The concerned but unimaginative general public will be thinking in terms of expanding relief efforts. Though less and less funds are available for charity work, I am sure some attempts will be made, probably with moderate success.
Then there are the people who have a better grip on what is really going on. In broad terms, this group separates into those who have enough knowledge and resources to act, and those who are still trying to obtain that level of knowledge and resources.
This game is very much in our court right now. We need to create a vision that will solve the problem by eliciting huge popular support, and at the same time cut off the covertly hostile from pulling the public back under their wing by some new pretense.
It is the opinion of many, and I tend to agree, that whatever is done, the public will have to be "tricked" into supporting it by turning it into some sort of game that they can relate to.
Most people are not the least interested in being saints or martyrs. Neither do they see themselves as political activists or even community leaders. These are roles that a few will be attracted into as they learn more truth.
For most, their support will (for now) be in the form of them going to a website by following a link they receive on Facebook or Twitter or by email, and clicking a button. Those of us who are a bit more committed to handling the situation will have to be willing to do all the rest, whatever that is.
The key revolves around somehow changing a pivotal perception: That "the poor" simply exist, and become victims of these events.
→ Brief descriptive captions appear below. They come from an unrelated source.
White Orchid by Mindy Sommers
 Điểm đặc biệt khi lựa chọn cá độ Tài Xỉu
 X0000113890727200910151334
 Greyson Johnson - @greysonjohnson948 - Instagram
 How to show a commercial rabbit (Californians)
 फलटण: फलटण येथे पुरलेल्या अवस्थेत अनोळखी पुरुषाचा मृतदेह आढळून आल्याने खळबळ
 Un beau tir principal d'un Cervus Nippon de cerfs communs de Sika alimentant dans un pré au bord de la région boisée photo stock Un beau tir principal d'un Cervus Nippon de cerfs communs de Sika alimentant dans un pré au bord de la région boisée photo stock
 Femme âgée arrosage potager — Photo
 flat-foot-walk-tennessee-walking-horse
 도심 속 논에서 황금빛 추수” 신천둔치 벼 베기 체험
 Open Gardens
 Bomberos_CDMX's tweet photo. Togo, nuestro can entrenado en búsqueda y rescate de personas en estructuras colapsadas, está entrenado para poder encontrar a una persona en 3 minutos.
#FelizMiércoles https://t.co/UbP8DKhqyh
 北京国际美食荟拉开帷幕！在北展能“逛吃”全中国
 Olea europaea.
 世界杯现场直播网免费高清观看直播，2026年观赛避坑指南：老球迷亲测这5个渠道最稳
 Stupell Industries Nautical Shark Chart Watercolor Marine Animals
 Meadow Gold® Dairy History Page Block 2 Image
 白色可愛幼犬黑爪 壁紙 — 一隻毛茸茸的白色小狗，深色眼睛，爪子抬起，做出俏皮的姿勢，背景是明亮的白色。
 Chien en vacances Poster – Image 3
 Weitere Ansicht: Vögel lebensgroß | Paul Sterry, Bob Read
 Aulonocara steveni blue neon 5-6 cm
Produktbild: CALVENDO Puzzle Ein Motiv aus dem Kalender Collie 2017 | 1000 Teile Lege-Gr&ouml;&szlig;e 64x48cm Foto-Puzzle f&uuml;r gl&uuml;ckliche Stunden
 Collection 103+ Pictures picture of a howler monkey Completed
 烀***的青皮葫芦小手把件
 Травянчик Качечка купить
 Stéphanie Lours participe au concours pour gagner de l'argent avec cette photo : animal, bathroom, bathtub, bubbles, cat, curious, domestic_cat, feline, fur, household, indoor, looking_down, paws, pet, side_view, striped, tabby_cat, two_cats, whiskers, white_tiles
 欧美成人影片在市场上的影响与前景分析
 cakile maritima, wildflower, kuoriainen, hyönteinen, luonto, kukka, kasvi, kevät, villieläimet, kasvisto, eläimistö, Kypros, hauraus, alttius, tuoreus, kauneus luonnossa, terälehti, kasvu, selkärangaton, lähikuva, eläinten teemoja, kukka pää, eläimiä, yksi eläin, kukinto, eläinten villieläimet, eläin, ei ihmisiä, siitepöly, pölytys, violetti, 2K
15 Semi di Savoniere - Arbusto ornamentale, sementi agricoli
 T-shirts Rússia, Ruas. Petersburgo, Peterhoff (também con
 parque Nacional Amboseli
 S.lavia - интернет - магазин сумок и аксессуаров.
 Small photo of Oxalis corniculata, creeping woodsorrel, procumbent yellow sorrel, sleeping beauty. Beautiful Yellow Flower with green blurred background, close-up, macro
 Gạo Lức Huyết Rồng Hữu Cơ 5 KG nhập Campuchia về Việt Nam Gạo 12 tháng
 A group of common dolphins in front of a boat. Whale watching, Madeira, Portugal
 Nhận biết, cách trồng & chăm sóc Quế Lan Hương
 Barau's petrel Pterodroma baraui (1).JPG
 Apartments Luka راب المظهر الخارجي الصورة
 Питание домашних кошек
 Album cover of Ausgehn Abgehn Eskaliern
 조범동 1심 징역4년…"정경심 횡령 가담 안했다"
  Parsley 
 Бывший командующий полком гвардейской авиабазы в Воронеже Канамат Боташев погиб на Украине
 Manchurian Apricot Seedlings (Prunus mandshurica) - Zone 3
The truth is that "the poor" have been created, on a continuous basis, for thousands of years, by stealing their wealth from them using, usually, force of arms.
If societies existed that seemed non-materialistic compared to Western standards, it was probably because they preferred it that way, and not because they were "primitive." That said, I do understand that, after having your wealth stolen from you repeatedly over generations, you might lose interest in creating a lot more of it. But I believe that is the weaker dynamic.
Thus, there is a moral mandate and an ethical necessity for the perpetrators of these crimes to "come clean." But, what do you know? Many of us will find ourselves complicit in this operation! Just because we have become aware of this, however, does not mean it is a good idea to try to hammer this revelation home to the general public.
But, perhaps we could find some way to encourage one and all to take a small step in the direction of taking more responsibility for their actions.
When I was a kid there was a show on TV called "Queen for a Day." Three or four "contestants" competed by trying to tell the biggest sob story. The one that got the most applause won the biggest prize.
What if we had something like "honest for a day" where you could get prizes for telling the truth?
You see the delicacy involved in trying to reverse this dwindling spiral? How do we cut through the crap and change people's minds about some of their most basic assumptions about how life works?
Unless we can find a way, I am quite sure that the covertly hostile of the world will continue to rape this planet, thus allowing them to always have someone or something else to blame for why they are the way they are.